Mick was having his house renovated and a new roof was being put on, so there was scaffolding all around the building. I don`t recall how much we`d all had to drink that night but anyway we decided it would be a great idea to climb up on to the roof. We duly went out into the cold night air; it was autumn. My breath was frozen as we rather unsteadily climbed up the scaffolding and eventually made it to the relative safety of the roof. We all sat giggling on the apex of the roof. (That`s quite a good word for a Saturday – apex…) The night was black, the stars were all out in fine and sparkling array and we began to sing James Taylor`s version of Up on the Roof.
At this point, the vicar who lived next door, (well at least we all referred to John as the vicar, he was actually a Methodist Church Minister,) anyway, John came out because I suppose it was late and he could hear the singing and wondered what was going on. We could see him walking the length of his garden looking for the source and being unable to find it, went back indoors in a rather bemused state. We laughed, not at him, we`d had too much to drink. Eventually we all realised that the cold was settling nicely into our bones and that perhaps we should all go down and get back into the warmth of my kitchen. Now here`s where it got tricky…..

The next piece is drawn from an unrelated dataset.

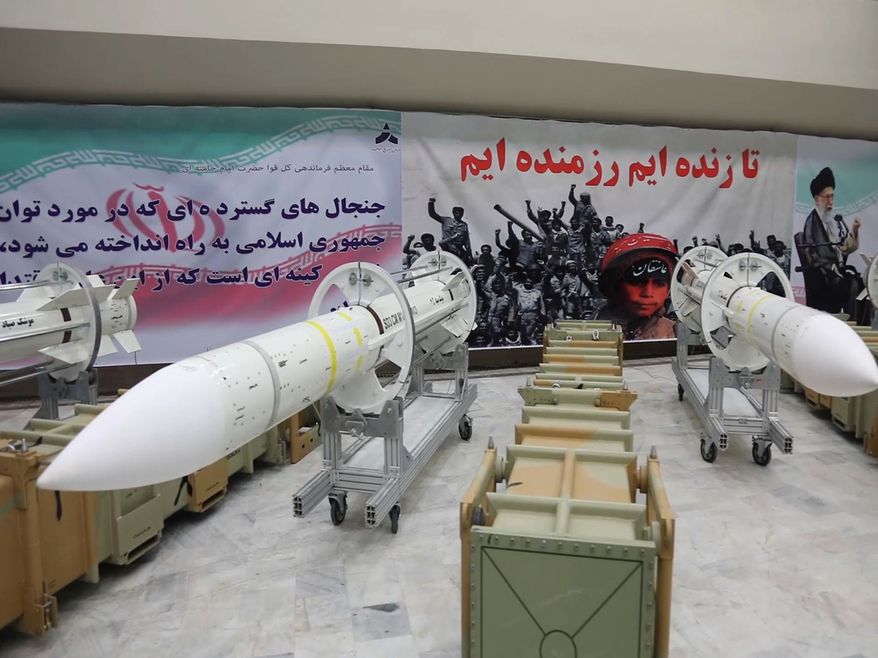 This picture released by the official website of the Iranian Defense Ministry on Saturday, July 22, 2017, shows Sayyad-3 air defense missiles during inauguration of its production line at an undisclosed location, Iran, according to official information released. Sayyad-3 is an upgrade to previous versions of the missile. Writing on the banner at right reads in Persian: &quot; We are fighters as long as we are alive&quot;. (Iranian Defense Ministry via AP)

Mick had been a roofer for some of his life so he swung down that scaffolding like an orangutan on amphetamine. He moved with the speed of light and the vigour of a young man and was down on the ground in seconds. My old man was the second next to go, he was slim in those days and he also happily descended in under two minutes. Then it was my turn……
I realised that I was REALLY high up, I mean REALLY high up! I stood up and clung to the top of the scaffolding and recall even to this day thinking, “Oh s**t, I am ever so really high up.” The men below thought it hugely funny to start singing, “Dont jump off the roof Ma,” to me as I gingerly placed my foot on the first bar of the scaffolding and tentatively, one baby step at a time, made my way down to the safety of my garden. It took me a good few minutes but by golly – I made it! My old man says that he and Mick came back up to help me down but I don’t recall them ebing that chivalrous!
Mick moved away from us in the nineteen nineties to settle in pastures anew. I was lucky enough to still catch up with him from time to time in those days and now I would like to say, thanks Mick, for enriching my life with your funny, clever, entertaining and warm company but if ever you had tried to persuade me to do something like climb up on a roof ever again…… no chance!